Lock free single producer/single consumer circular buffer - Can CPU speculation brole the memory barrier logic?

I have been looking at a lock free single producer/single consumer circular buffer when I thought about speculative execution and its effect on the simple code.

With this implementation, there is only a unique thread which can call the push() function and another unique thread which can call the pop() function.
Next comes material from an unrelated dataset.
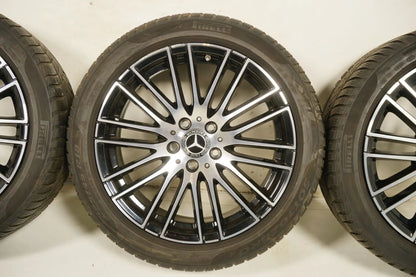 Mercedes C-Class W206 winter tires/wheels 225/45/18 inch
Here is the Producer code:

bool push(const Element& item)
{       
  const auto current_tail = _tail.load(std::memory_order_relaxed);  //(1)
  const auto next_tail = increment(current_tail);

  if(next_tail != _head.load(std::memory_order_acquire))            //(2)               
  {     
    _array[current_tail] = item;                                    //(3)
    _tail.store(next_tail, std::memory_order_release);              //(4)
    return true;
  }
  return false; // full queue
}

Here is the Consumer code:

bool pop(Element& item)
{
  const auto current_head = _head.load(std::memory_order_relaxed);    //(1)
  if(current_head == _tail.load(std::memory_order_acquire))           //(2)
    return false; // empty queue

  item = _array[current_head];                                       //(3)
  _head.store(increment(current_head), std::memory_order_release);   //(4)
  return true;
}

The Question

What if the push() would be compiled as the following function due to speculative execution:

bool push(const Element& item)
{       
  const auto current_tail = _tail.load(std::memory_order_relaxed);  // 1
  const auto next_tail = increment(current_tail);

  //The load is performed before the test, it is valid
  const auto head = _head.load(std::memory_order_acquire);         

  //Here is the speculation, the CPU speculate that the test will succeed
  //store due to speculative execution AND it respects the memory order due to read-acquire
  _array[current_tail] = item;                             
  _tail.store(next_tail, std::memory_order_release); 

  //Note that in this case the test checks if you it has to restore the memory back
  if(next_tail == head)//the code was next_tail != _head.load(std::memory_order_acquire)    
  { 
   //We restore the memory back but the pop may have been called before and see an invalid memory
    _array[current_tail - 1] = item;                                 
    _tail.store(next_tail - 1, std::memory_order_release);             
    return true;
  }
  return false; // full queue
}

To me, to be perfectly valid the push function should make sure the barrier is issued after the condition success:

bool push(const Element& item)
{       
  const auto current_tail = _tail.load(std::memory_order_relaxed);  // 1
  const auto next_tail = increment(current_tail);                   
  if(next_tail != _head.load(std::memory_order_relaxed))            // 2               
  { 
    //Here we are sure that nothing can be reordered before the condition
    std::atomic_thread_fence(std::memory_order_acquire);            //2.1
    _array[current_tail] = item;                                    // 3
    _tail.store(next_tail, std::memory_order_release);              // 4
    return true;
  }
  return false; // full queue
}